WORK REQUIRED:
Leave out the pictures and retype exactly the lines from the one with "信用卡逾期了還能辦普卡么(逾期了還能不能辦信用卡)" through the end of the records.

DATA FOR PROCESSING:
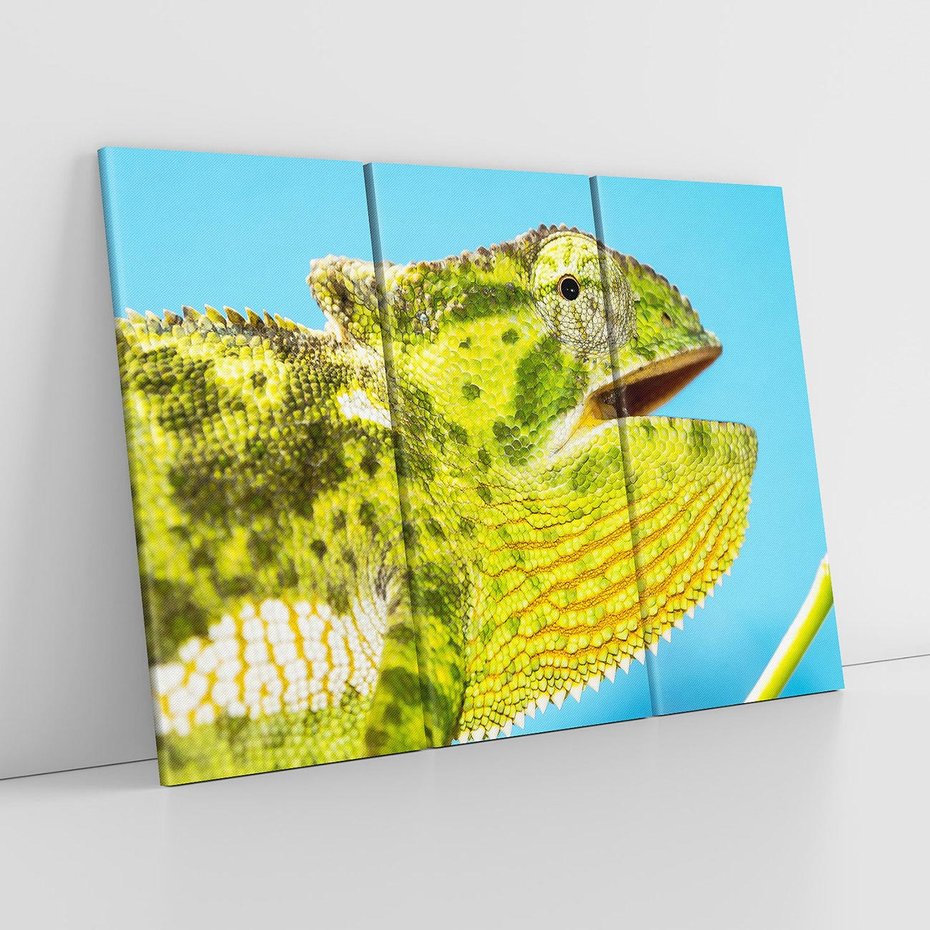 Obraz na płótnie 120x80 - Kameleon w swoim świecie - kameleon, jaszczurka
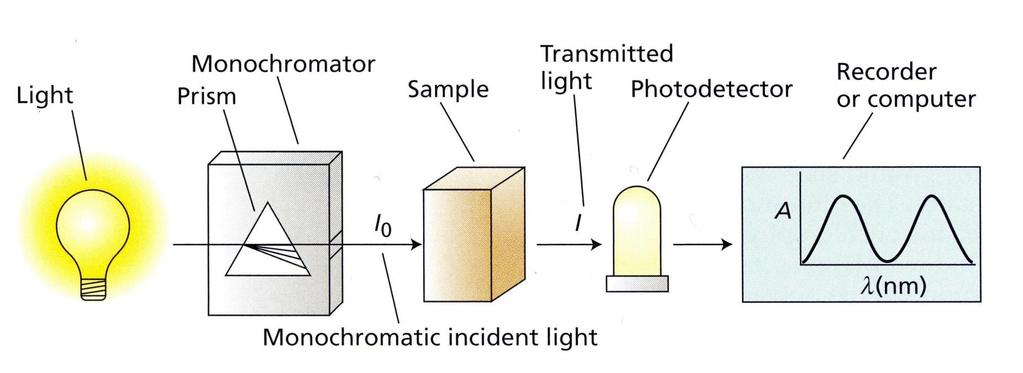 A spektrofotométer főbb részei: A fotométer vázlata Lámpa: halogén (VIS), deutérium lámpa (UV), fotodióda (rögzített hullámhossz) Monokromátor vagy fényszűrő: megfelelő hullámhossz kiválasztása Rés:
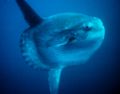 Ocean sunfish (M. mola) Family: Molidae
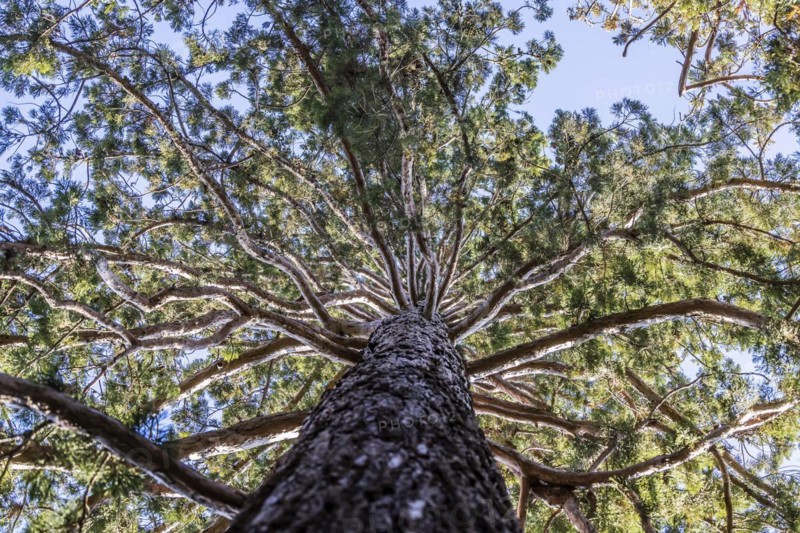 Sequoia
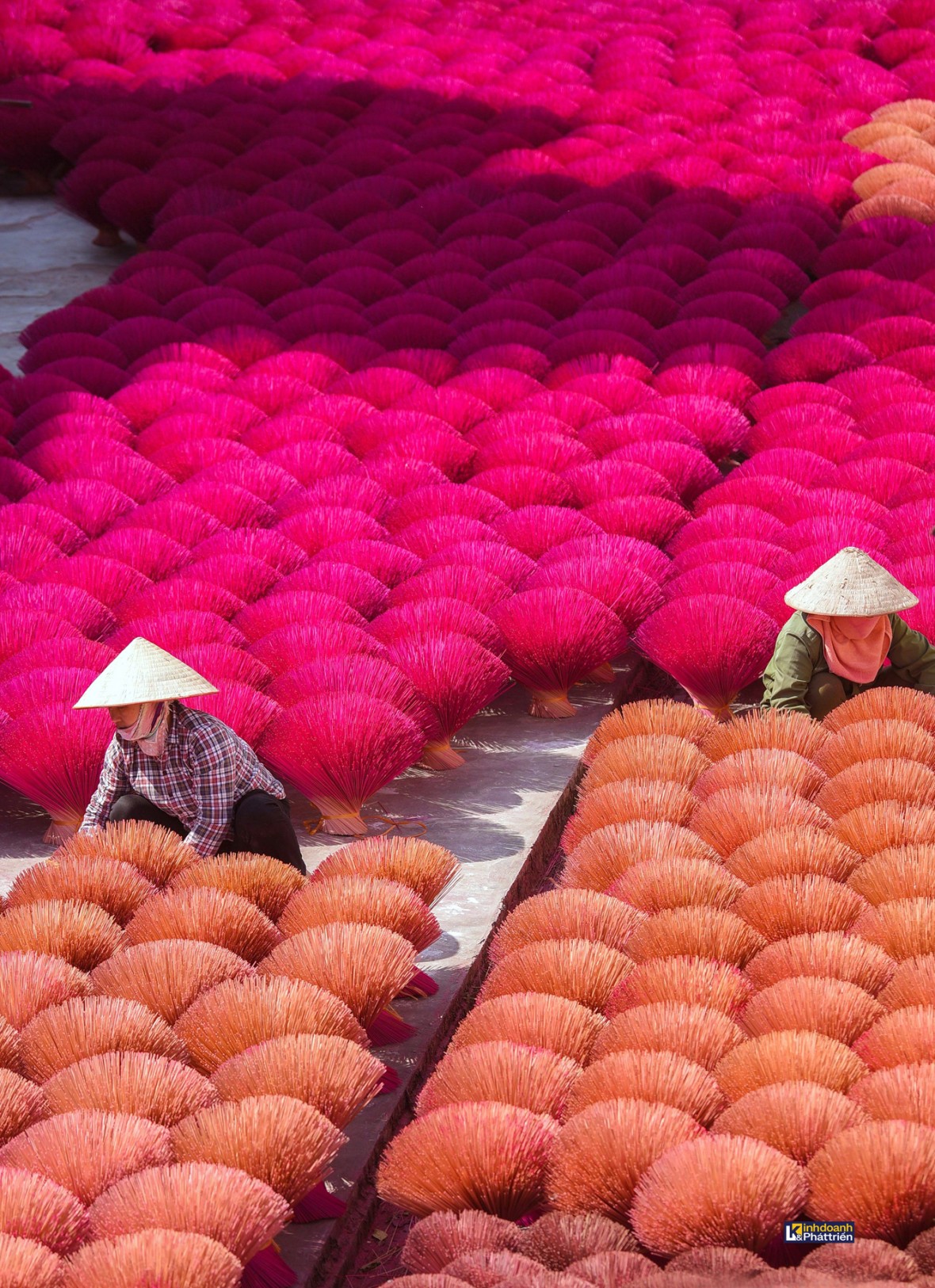 Làng hương Quảng Phú Cầu vào vụ Tết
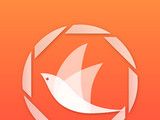 飞鸟浏览器logo图
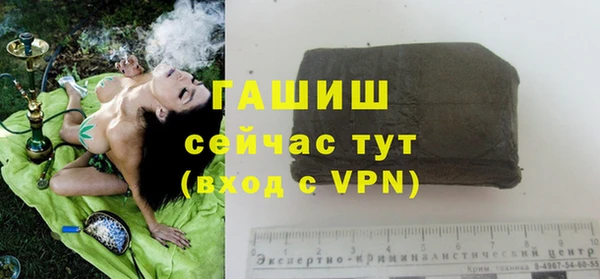 шишки Беломорск
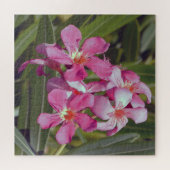 Oleander Bloem Jigsaw Puzzel (Horizontaal)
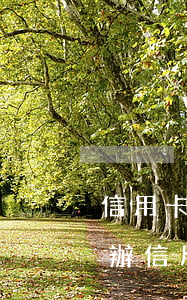 信用卡逾期了還能辦普卡么(逾期了還能不能辦信用卡)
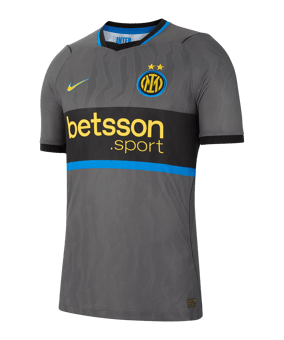 Nike Inter Mailand Authentic Trikot 3rd 2026/2027 Grau F069 - grau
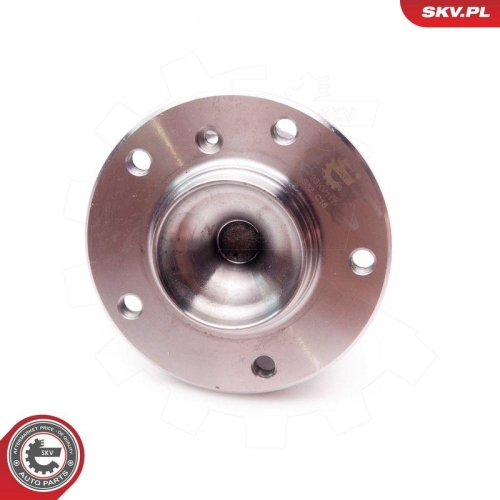 ESEN SKV Radlagersatz 29SKV117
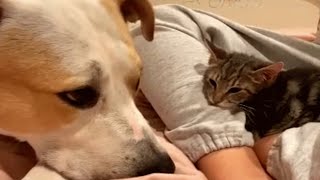 Woman brings an unwanted kitten home. And this is how her dog reacted.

RESPONSE AREA:
 信用卡逾期了還能辦普卡么(逾期了還能不能辦信用卡)
 Nike Inter Mailand Authentic Trikot 3rd 2026/2027 Grau F069 - grau
 ESEN SKV Radlagersatz 29SKV117
 Woman brings an unwanted kitten home. And this is how her dog reacted.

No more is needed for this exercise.